Chapter books are not lucrative by anybody’s standards.  But they do serve a noble purpose for kids.  They tap into the unconditional love that kids have for their passion of the moment.  If we are lucky, that passionate moment happens to be ours.

Now, I love my first book in the “series”.  I thought I loved the second book, as well.  However, I had to laugh when I pulled out the half finished WIP for the first time in almost a year. 

It was Ugh-ly.  With a capital U.

I think I’ve forgotten how truly horrible first drafts can be.  It had more spelling errors, typos and grammar mishaps than should be legal in a WIP.  For just one second, I felt compelled to fix everything as I read.  Then I stopped myself.

Rough drafts are supposed to be ugly.  They are imperfect by nature.  Yet at the same time, they are more perfect than we can ever imagine.  For they are the culmination of our passionate moments as writers.  They hold a certain magic that can never be duplicated.

I have held back on finishing this second book because I didn’t want to waste my time writing all thirteen adventures only to find out the first book would never see the light of a bookstore. 

But, the itch to finish the second one is strong right now.  I actually added an extra 1,700 words to it last night.  Already I am looking forward to editing.  I can’t wait to turn something this Ugh-ly into something readable. 

Such is the joy of writing.

How bad are your rough drafts?  Do you cringe when you reread them?  Or, do you edit as you go?  Can you feel the magic in those first, imperfect sentences and know that something beautiful is waiting to get teased from the tangled mess?

Are you a series writer?  If so, why and what genre do you write for?

10 responses to “Ugh-ly

  1. As I grow as a writer and apply the things I’ve learned, each first draft gets a little cleaner. But they’re still ugly. My WIP has about 115 plot holes, and oops, whatever happened to that one character I introduced in chapter eleven? Wait, I thought my MC had blue eyes, not brown. And since I killed off the villain in chapter thirty, why did he just come back to life? Wish I was kidding on that last one… But now you see what I mean when I say my first drafts are UGLY! 😉

    However, I calm down by telling myself every writer goes through this, it’s only natural. And all those countless mistakes? I can fix them in the rewrites. Usually, when I reread my story though, I’m surprised to find some beauty, a few unexpected lines here and there, squished between the poor writing.
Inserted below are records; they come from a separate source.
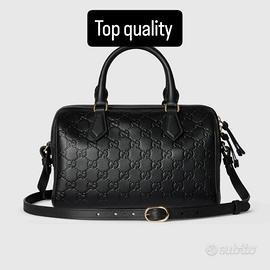 borsa Gucci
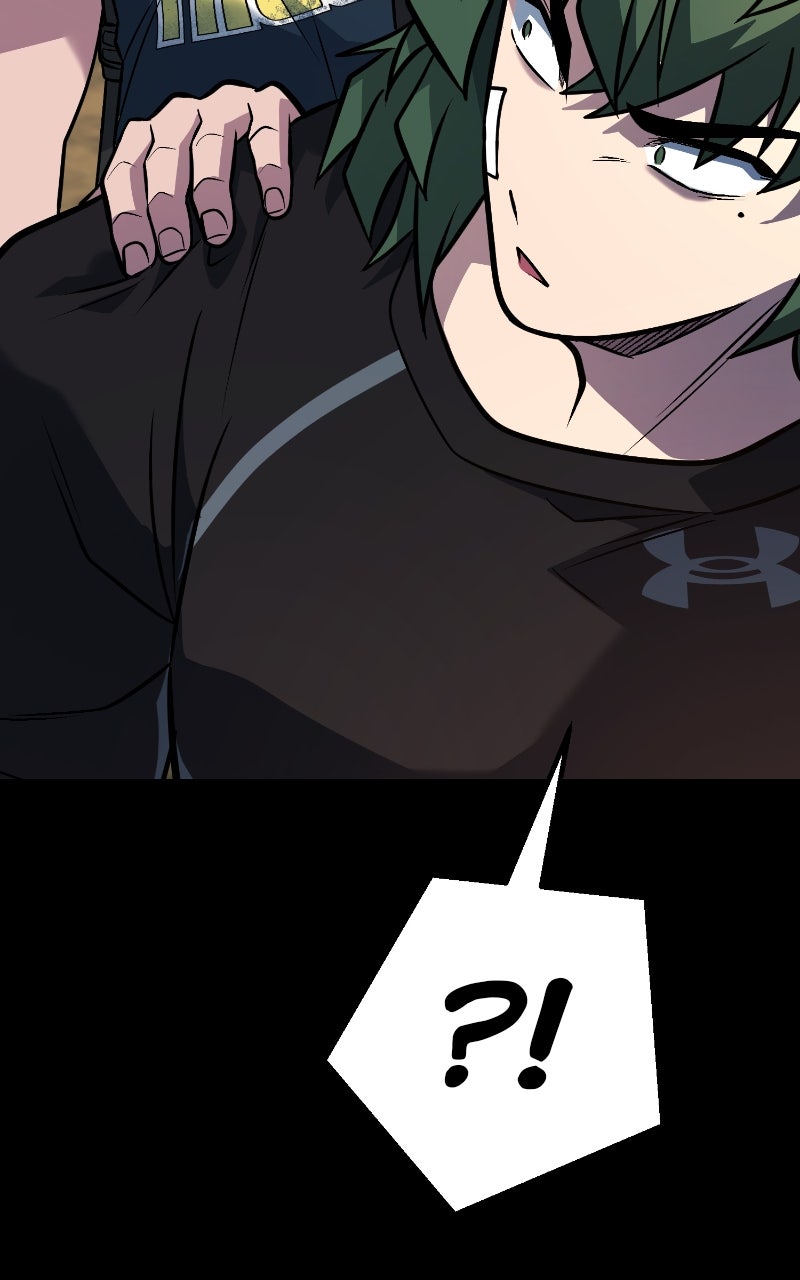 Read King of the Arena FR Manga Online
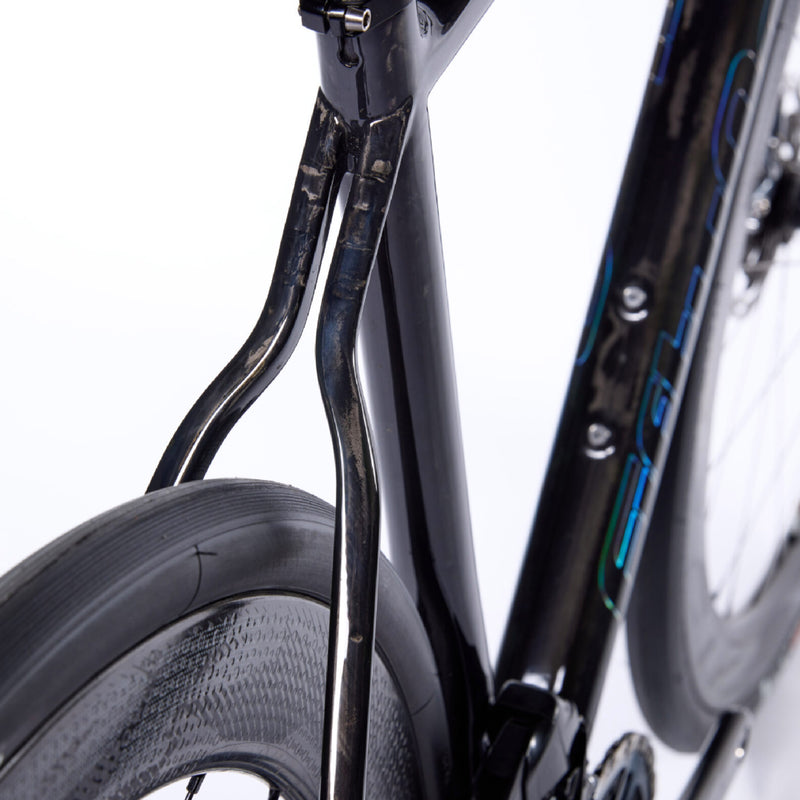 Load image into Gallery viewer, FiftyOne Sika Frameset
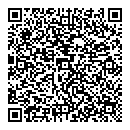 QR код "ЭМТ+"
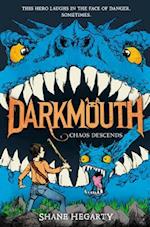 Darkmouth #3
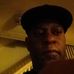 Simon Randolph - Facebook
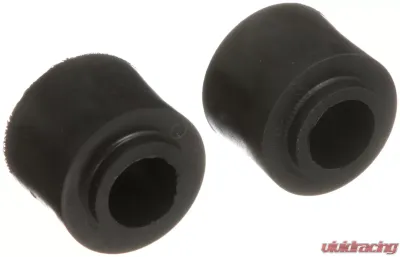 Delphi Suspension Control Arm Bushing - TD4076W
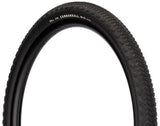 TERAVAIL Cannonball Tire - Gen 2 - Light and Supple / Fast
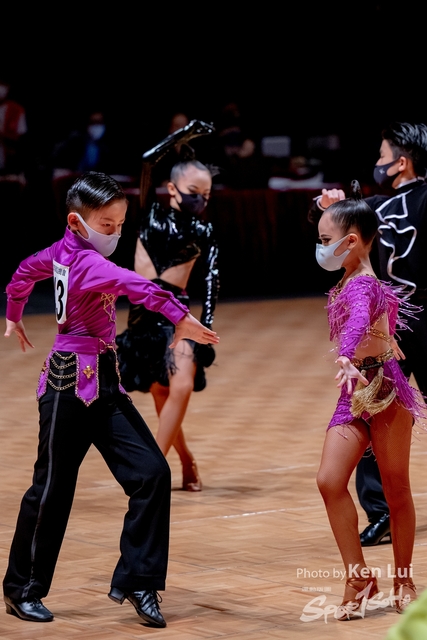 20221023 Dance-1469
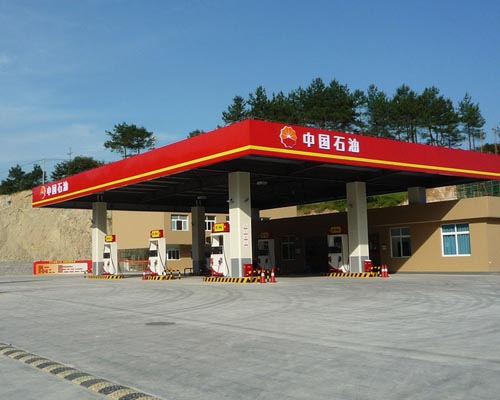 123.jpg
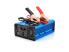 Інвертор напруги 600W, 24/220V, approximated
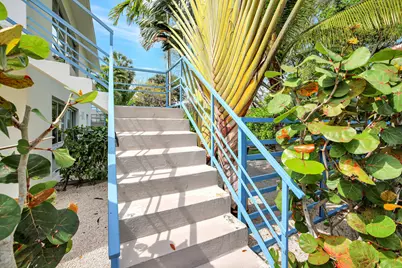 625 NE 13th Avenue, Fort Lauderdale, FL 33304 - Photo 74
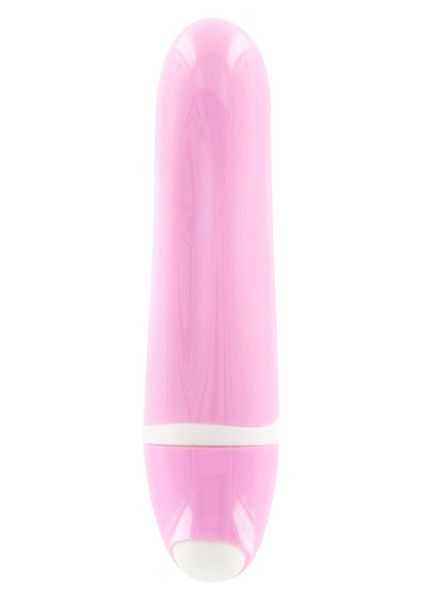 Mini Wibrator Vibe Therapy Quantum zdjęcie 1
  2. Elana Johnson posted a great blog about ‘cleaning up the puke’ that is your rough draft. I can so relate. I’m not so great at editing at this point. I need to crack that whip on myself and get back to it. 😉 I’m determined I will before too long.

    • Lisa,

      Editing isn’t so bad once you get in the swing of it. It generally takes me about three or four pages before I’m really in the groove. But then its worse than reading. I can’t seem to stop until I’ve gone through the whole thing.

      If you need/want an extra set of eyes along the way, I’ll be happy to help out.

  3. My rough drafts are deliciously ugly, especially my nanos. Characters’ names and descriptions change, people appear and then disappear for no reason, and the secret reveal at the end of the novel turns out to be something as inane as the meaning of Christmas.

    I can’t seem to write anything but series in fantasy and sci-fi.

    • Barbara,

      I think those are definitely two genres that series works well for.

      Don’t you just love how ugly and yet beautiful a rough draft can be? There is something so amazing about them. They’re so powerful. Mwaaaahaaahaaahaaa.

  4. In grade school, teachers called first drafts “sloppy copies.” That’s a perfect name for my first drafts! My final draft never looks like my original draft. And that’s a good thing, lol!

    I have an award for you at my blog!

    • Laura,

      Sloppy is about right. Unsightly and messy and a whole lot of ugly. But beautiful for being completed, none-the-less! My end products don’t even come close to my first drafts. I cut ruthlessly and add chapters as fast as pounds on a pregnant lady!

      Thanks, I’ll hop over there as soon as I can! Hugs.

  5. I do tend to edit a bit as I go, but the first draft is a far cry from the final 🙂

    I love the sloppy copies idea from Laura’s teacher – I’m going to steal that one!

    • Jemi,

      One of the best things about our writing community is the sharing of ideas. Somebody always has a great idea that can be used by at least on other writer.